[[ DATA TO USE, beginning ]]

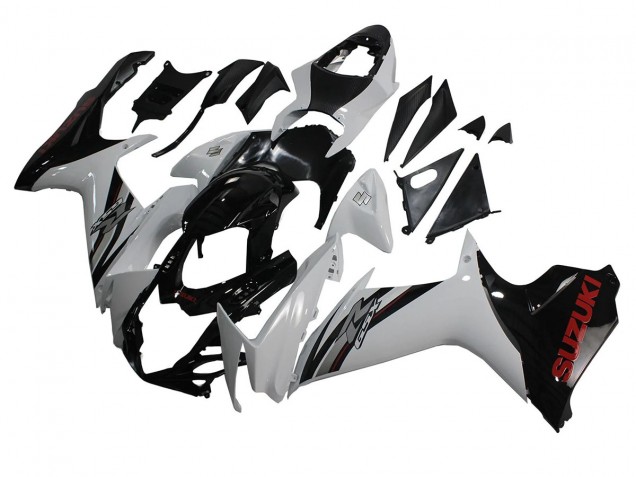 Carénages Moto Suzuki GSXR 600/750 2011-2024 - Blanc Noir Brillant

[[ DATA TO USE, end ]]
[[ DATA TO USE, beginning ]]

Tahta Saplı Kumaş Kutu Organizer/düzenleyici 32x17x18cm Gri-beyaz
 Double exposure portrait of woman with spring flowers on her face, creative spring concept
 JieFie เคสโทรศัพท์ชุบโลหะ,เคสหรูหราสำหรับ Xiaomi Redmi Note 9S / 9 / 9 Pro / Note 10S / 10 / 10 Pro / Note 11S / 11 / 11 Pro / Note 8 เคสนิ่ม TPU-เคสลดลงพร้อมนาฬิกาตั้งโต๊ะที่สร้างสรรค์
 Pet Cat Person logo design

[[ DATA TO USE, end ]]

### WHAT YOU ARE ASKED TO DO
Working from the material above, retype exactly the lines from the one with "Double exposure portrait" through the one with "Pet Cat Person logo design", both included, and only those lines.

### TASK RESPONSE
 Double exposure portrait of woman with spring flowers on her face, creative spring concept
 JieFie เคสโทรศัพท์ชุบโลหะ,เคสหรูหราสำหรับ Xiaomi Redmi Note 9S / 9 / 9 Pro / Note 10S / 10 / 10 Pro / Note 11S / 11 / 11 Pro / Note 8 เคสนิ่ม TPU-เคสลดลงพร้อมนาฬิกาตั้งโต๊ะที่สร้างสรรค์
 Pet Cat Person logo design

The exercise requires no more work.